══ RECORDS SHOWN

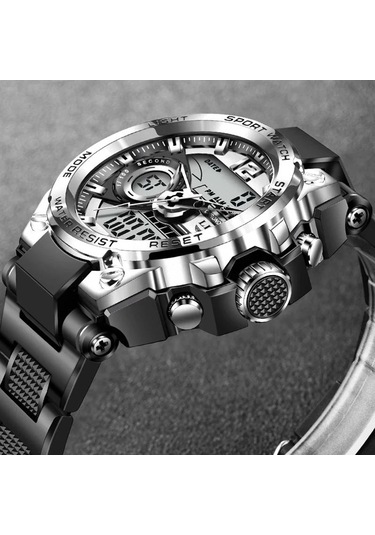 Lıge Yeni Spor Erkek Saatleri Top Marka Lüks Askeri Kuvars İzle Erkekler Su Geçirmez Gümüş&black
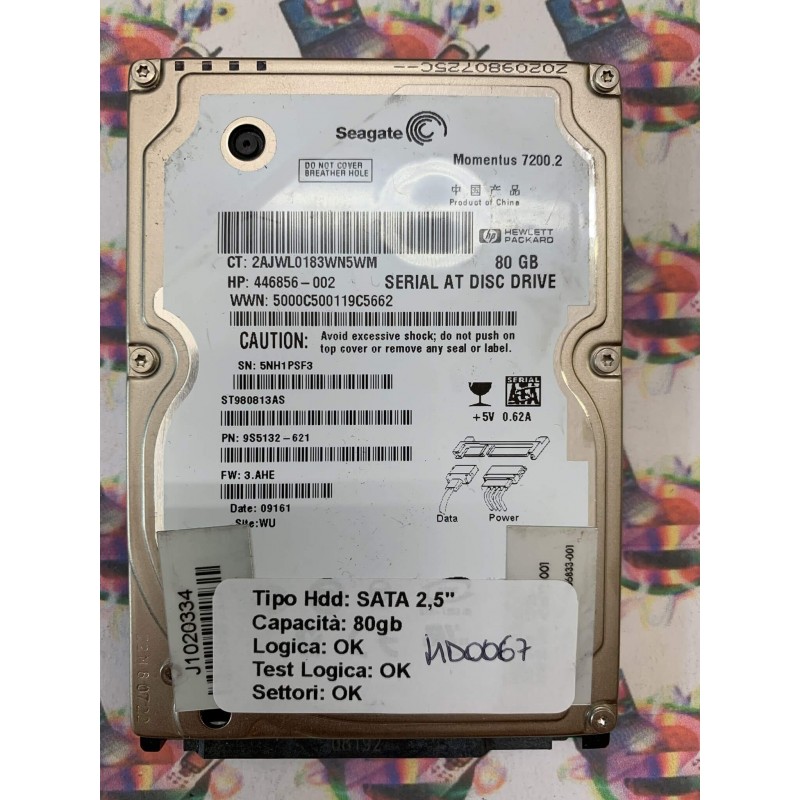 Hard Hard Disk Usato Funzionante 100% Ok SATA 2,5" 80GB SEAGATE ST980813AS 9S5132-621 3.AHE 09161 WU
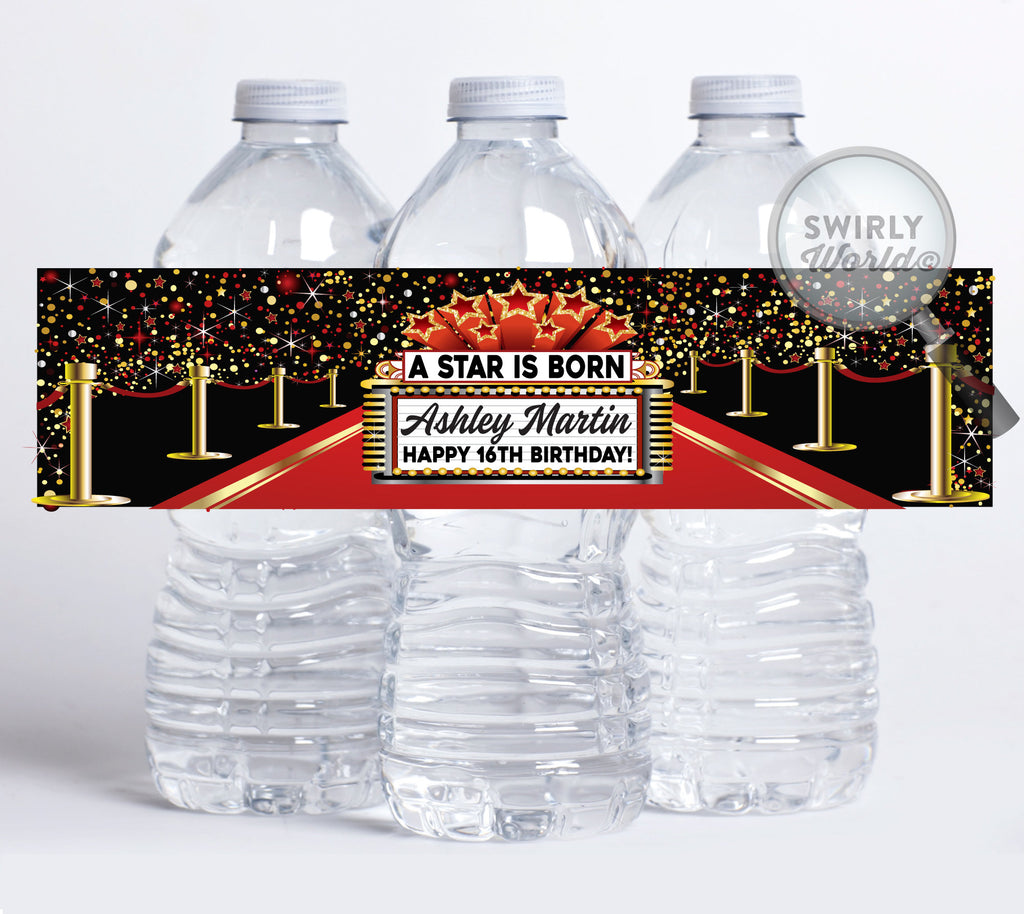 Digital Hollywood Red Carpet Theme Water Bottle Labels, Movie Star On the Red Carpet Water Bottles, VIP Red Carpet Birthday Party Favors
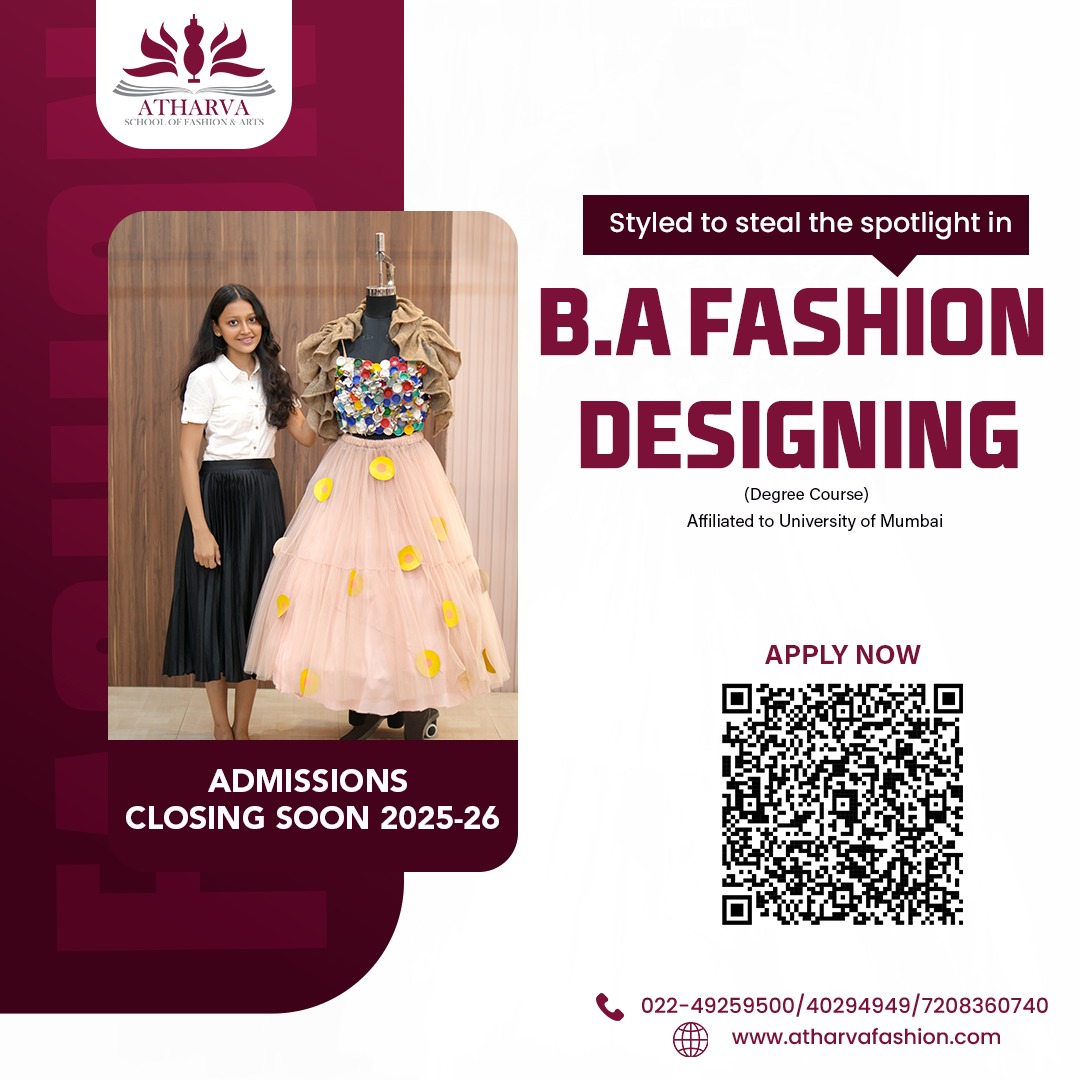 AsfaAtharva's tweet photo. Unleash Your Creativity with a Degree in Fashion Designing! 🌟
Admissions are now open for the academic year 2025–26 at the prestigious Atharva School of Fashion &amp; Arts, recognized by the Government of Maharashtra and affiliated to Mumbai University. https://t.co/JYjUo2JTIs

════

TASK TO CARRY OUT
In the records above, find the line with "Digital Hollywood Red" and copy from it through the last line exactly, without the pictures.

WRITTEN ANSWER
 Digital Hollywood Red Carpet Theme Water Bottle Labels, Movie Star On the Red Carpet Water Bottles, VIP Red Carpet Birthday Party Favors
 AsfaAtharva's tweet photo. Unleash Your Creativity with a Degree in Fashion Designing! 🌟
Admissions are now open for the academic year 2025–26 at the prestigious Atharva School of Fashion &amp; Arts, recognized by the Government of Maharashtra and affiliated to Mumbai University. https://t.co/JYjUo2JTIs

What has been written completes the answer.